UK ICO Fines Reddit £14.5M for Unlawful Children’s Data Collection
Reddit fined £14.47M by UK ICO for illegally processing children’s personal data under 13 without proper safeguards. Learn the details and compliance implications.
The UK Information Commissioner’s Office (ICO) has imposed a £14.47 million (approximately $19.5 million) fine on Reddit for unlawfully collecting and processing the personal data of children under the age of 13. The enforcement action underscores the platform’s failure to implement adequate safeguards to protect minors’ data, in violation of the UK General Data Protection Regulation (UK GDPR) and the Children’s Code (Age Appropriate Design Code).
Key Findings and Violations
The ICO’s investigation revealed that Reddit’s practices between 2016 and 2021 did not comply with data protection laws, particularly concerning children’s privacy. Under UK GDPR, organizations must ensure that personal data processing is lawful, fair, and transparent—especially when handling data belonging to minors. The Children’s Code, introduced in 2020, further mandates that digital services likely to be accessed by children must prioritize their best interests, including default privacy settings and data minimization.
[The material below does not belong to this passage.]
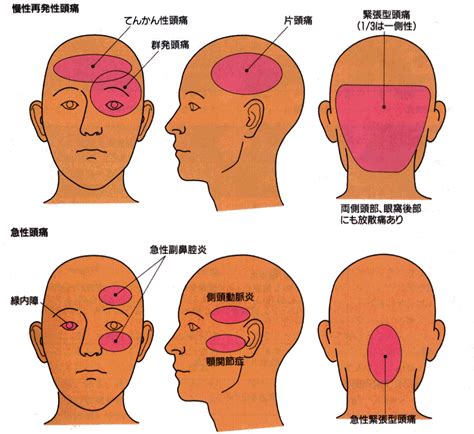 頭痛 位置|【医師監修】頭痛の場所が右か左かで原因は変わる？。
Reddit’s violations included:
- Lack of age verification: The platform did not implement robust mechanisms to prevent children under 13 from creating accounts or accessing its services.
- Inadequate privacy safeguards: Default settings and data collection practices did not align with the high privacy standards required for children’s data.
- Failure to obtain valid consent: For users under 13, parental consent is legally required, which Reddit did not consistently secure.
Impact and Regulatory Response
The ICO’s fine reflects the severity of the violations and serves as a warning to other platforms about the consequences of non-compliance with children’s data protection laws. John Edwards, the UK Information Commissioner, emphasized that children’s privacy cannot be compromised, stating:
"Protecting children’s data isn’t optional—it’s a legal requirement. Organizations must take their responsibilities seriously or face significant penalties."
Reddit has not publicly disputed the fine but has reportedly taken steps to enhance its age verification and data protection measures since the investigation.
Compliance Recommendations for Organizations
Security and privacy professionals should note the following takeaways:
- Implement robust age verification: Use technical measures (e.g., age gates, third-party verification) to prevent underage access where prohibited.
- Enforce high-privacy defaults: Ensure settings for children’s accounts prioritize data minimization and opt-in consent.
- Review Children’s Code compliance: Align practices with the 15 standards outlined in the UK’s Age Appropriate Design Code, including transparency and parental controls.
- Conduct regular audits: Proactively assess data processing activities to identify and mitigate risks to minors’ privacy.
The ICO’s action highlights the growing global focus on children’s digital rights and the need for organizations to prioritize compliance with evolving privacy regulations.